Adoption of a governmental amendment
Article 225 of the 2021 Finance Law provides for the reduction of the feed-in tariff under the PPAs entered into with certain producers. The text authorizes the State to unilaterally modify some of these contracts.
- A targeted revision: the renegotiation will apply only to the PPAs based on the tariff orders dated 10 July 2006, 12 January 2010 and 31 August 2010 and with an installed capacity of more than 250 kilowatts (peak power). Even though the Government refused to provide the members of the French Parliament with the list of installations falling within the scope of this decision, it indicated that more than 800 PPAs would be affected by it.
- The enactment of ministerial orders will be required: the 2021 Finance Law provides that an order by the energy minister and the budget minister, submitted for opinion to the Energy Regulation Commission ("Commission de Régulation de l'Energie"), will establish (i) the level of the electricity feed-in tariff and (ii) the date on which it applies.

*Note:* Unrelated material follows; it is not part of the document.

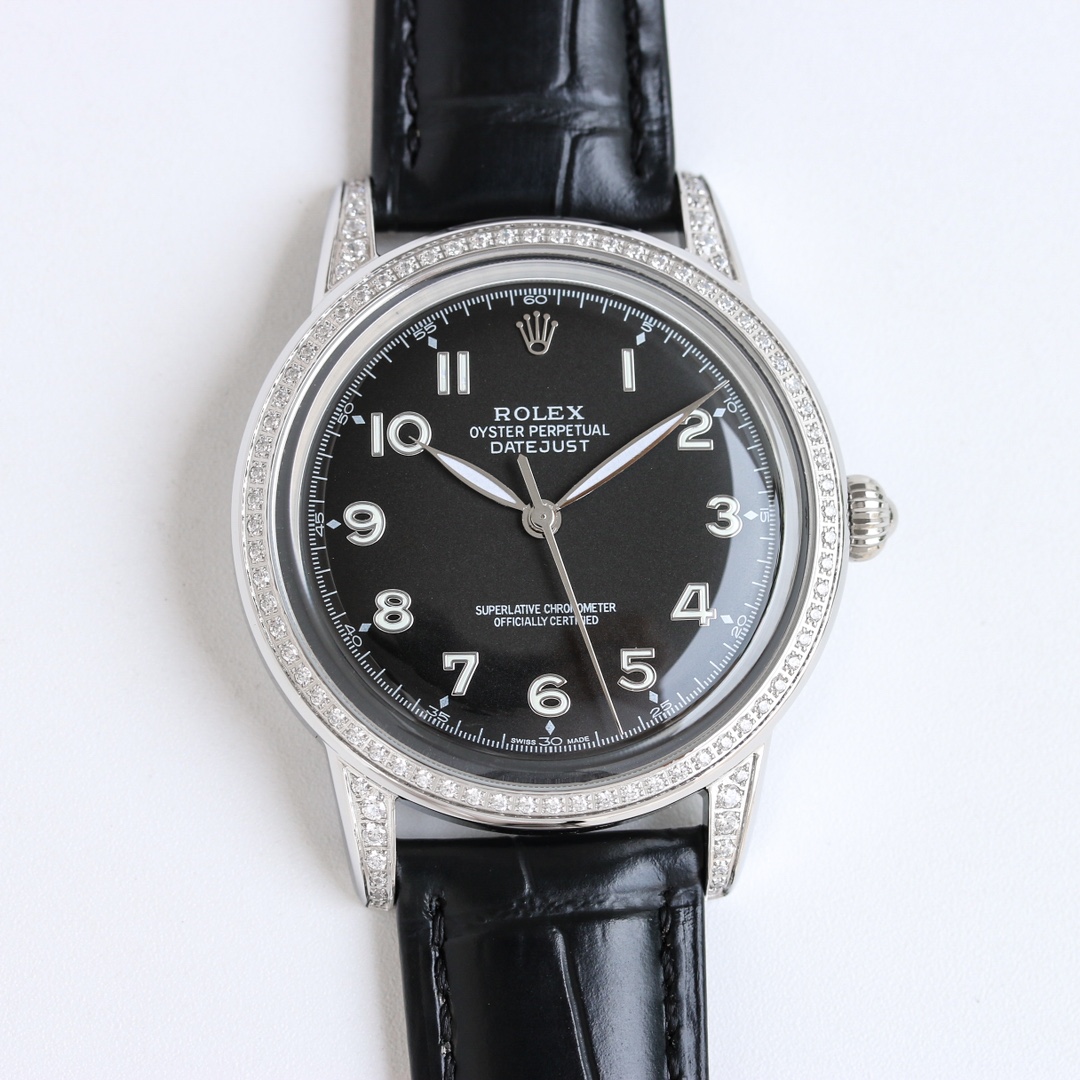 Rolex Classic 40 mm Watch – IW-0003 - Image 5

The 2021 Finance Law specifies that the level set by the ministers must be fixed in such a way that the total return onlocked-in capital resulting from the aggregate of (i) all the revenues of the installation and(ii) the financial or tax aids granted in respect thereof, must not exceed a reasonable return on capital, taking into account the risks related to its operation. The 2021 Finance Law does not define the notion of "reasonable remuneration".
However, it provides that the reduction in the feed-in tariffs will take into account (i) the relevant tariff order and (ii) the installation's technical characteristics, its location, its commissioning date and its financing conditions. Different feed-in tariffs should therefore be set by the order to be issued.
- Insertion of a safeguard mechanism: article 225 of the 2021 Finance Law provides also that the ministers may, by order and upon a justified request from the producer, set (i) a specific feed-in tariff and/or (ii) a specific date on which the tariff relating to the producer's installation comes into force. The producer will be required to demonstrate that the level of remuneration or the effective date specified in the order applicable to all installations affected by the 2021 Finance Law, compromises their economic viability. The producer must prove that it has taken all remedial measures at its disposal and that the persons who directly or indirectly own it have implemented all the support measures at their disposal. Ministers may also extend the term of the PPA if the level of support obtained by the producer is significantly lower than the level of support that would have been obtained under the original terms and conditions. The safeguard mechanism will not benefit producers who have made changes in their capital structure or financing arrangements after 7 November 2020.
A budget-saving decision justified partly by the PPAs illegality
When questioned about this decision, the Government provided a twofold justification.
- A cost-saving decision: the level of support granted to the first photovoltaic installations developed in France was the focus of a report by the Audit Court in 2018. This report criticized the high level of support granted between 2006 and 2010 to the photovoltaic sector, stating that this support could reach €480/MWh1. The Government expects to achieve savings amounting to €350-€400 million thanks to this decision.
- Considered illegal PPAs: during parliamentary debates, the Government argued that the renegotiation of PPAs was justified by their illegality. The State's failure to notify the European Commission of the aid granted to producers was in breach of Article 108§3 of the Treaty on the Functioning of the European Union and rendered the PPAs concluded at that time illegal.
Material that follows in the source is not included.